2012 Hilary Weston Writers' Trust Prize for Nonfiction Finalist
Intolerable: A Memoir of Extremes
Harper Collins Publishers Ltd
Despite its light-hearted tone, this beguiling memoir tells an intensely emotional story of one family’s eroded dreams – a narrative that also brings to life six decades of turbulence in the Middle East. Born in Yemen, the youngest of eleven siblings, the author develops a taste for Western freedom during a few years spent in Cairo. But as violence in the Arab world grows, the family must move again, and the author faces a bitter choice: to stay with his family, and watch their lives diminish under a repressive regime, or to leave them behind for a new life in the West.

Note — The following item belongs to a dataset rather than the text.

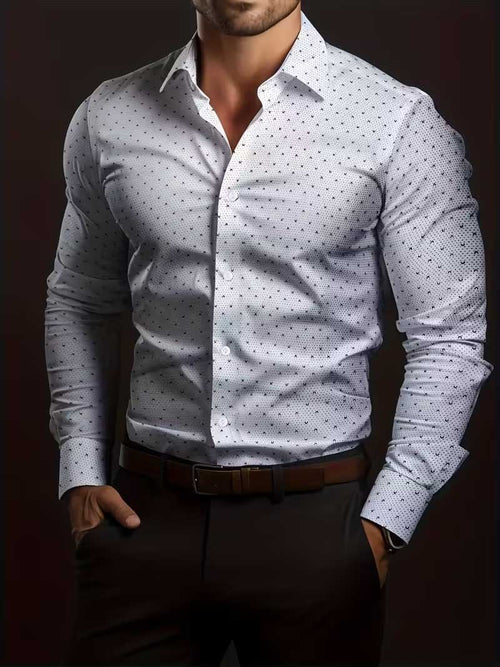 Men's Street Style Business Casual Printed Long Sleeve Shirt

His account of that journey is unembellished and heartbreaking.
About the Book
Kamal Al-Solaylee tells the dramatic story of the journey he and his family endured after colonial powers were overthrown in Yemen. Under the new nationalist socialist government, his father’s properties were taken over by the state and the family had little choice but to search elsewhere in the Middle East for a more peaceful life. Through touching memories, Al-Solaylee paints a picture of a colourful time in his family’s history, before the surrounding Muslim extremism begins to take effect. Through the eyes of a man who felt he could only find true happiness in the West, the history of the region is presented as a devolution of local peace and freedoms.
About the Author
Kamal Al-Solaylee has a Ph.D. from the University of Nottingham and is an associate professor at Ryerson University’s School of Journalism. Previously, he was the national theatre critic for The Globe and Mail. He lives in Toronto.